Deputy for Moyobamba
- In office July 28, 1907 – December 23, 1912

Minister of Justice, Instruction and Worship
- In office November 25, 1897 – March 16, 1898
- President: Nicolás de Piérola

Personal details
- Born: January 1, 1858 Lima, Peru
- Died: February 9, 1918 (aged 60) Lima, Peru
- Children: José Antonio de Lavalle Hernando de Lavalle [es] Juan Bautista de Lavalle [es]
- Relatives: José Antonio de Lavalle (father) Mariana Pardo y Lavalle (mother) Manuel Pardo y Lavalle (uncle)

Military service
- Branch/service: Peruvian Army
- Years of service: 1879–1881
- Battles/wars: War of the Pacific Battle of Miraflores;

= José Antonio de Lavalle y Pardo =

Peruvian politician (1858–1918)

José Antonio de Lavalle y Pardo was a Peruvian lawyer and politician.

==Biography==
He was born in Lima on January 1, 1858. His father was the diplomat José Antonio de Lavalle y Arias de Saavedra, who participated in the Lavalle Mediation before the War of the Pacific. His mother was Mariana Pardo y Lavalle, sister of President Manuel Pardo y Lavalle. On December 16, 1886, he married Rosalía García Delgado with whom he had five children, including José Antonio de Lavalle y García and Juan Bautista de Lavalle y García. He completed his studies in Europe and finished them at the University of San Marcos.

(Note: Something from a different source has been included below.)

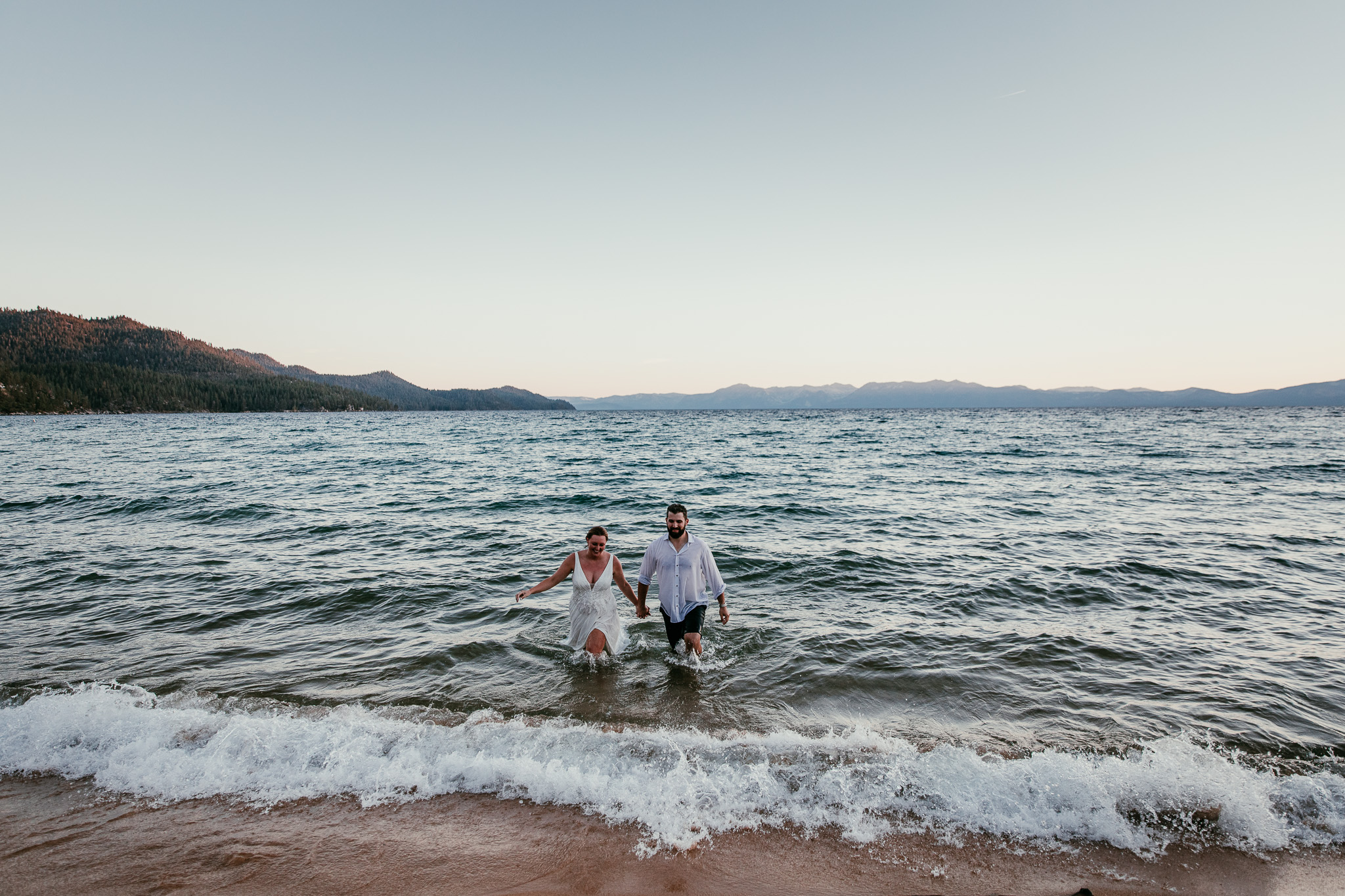 SJ and Dave laughing together in the waves near the beach during their summer elopement.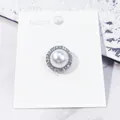Elegante broche voor dames met faux-parel en een rand van sprankelende strass-stenen - Ronde Stijl / Zilver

He fought in the War of the Pacific, joining the reserves of the Peruvian Army and later being part of the battle of Miraflores during the defense of Lima.

During the second government of Nicolás de Piérola, he was appointed Minister of Justice, Instruction and Worship between November 1897 and March 1998, forming part of the cabinets of José Antonio de Lavalle y García and Juan Bautista de Lavalle y García.

In 1907 he was elected deputy for the province of Moyobamba. He served in office during the first governments of José Pardo y Barreda and Augusto B. Leguía. In addition to this, he was Minister of Justice and prosecutor of the Supreme Court.

He died in Lima on February 9, 1918.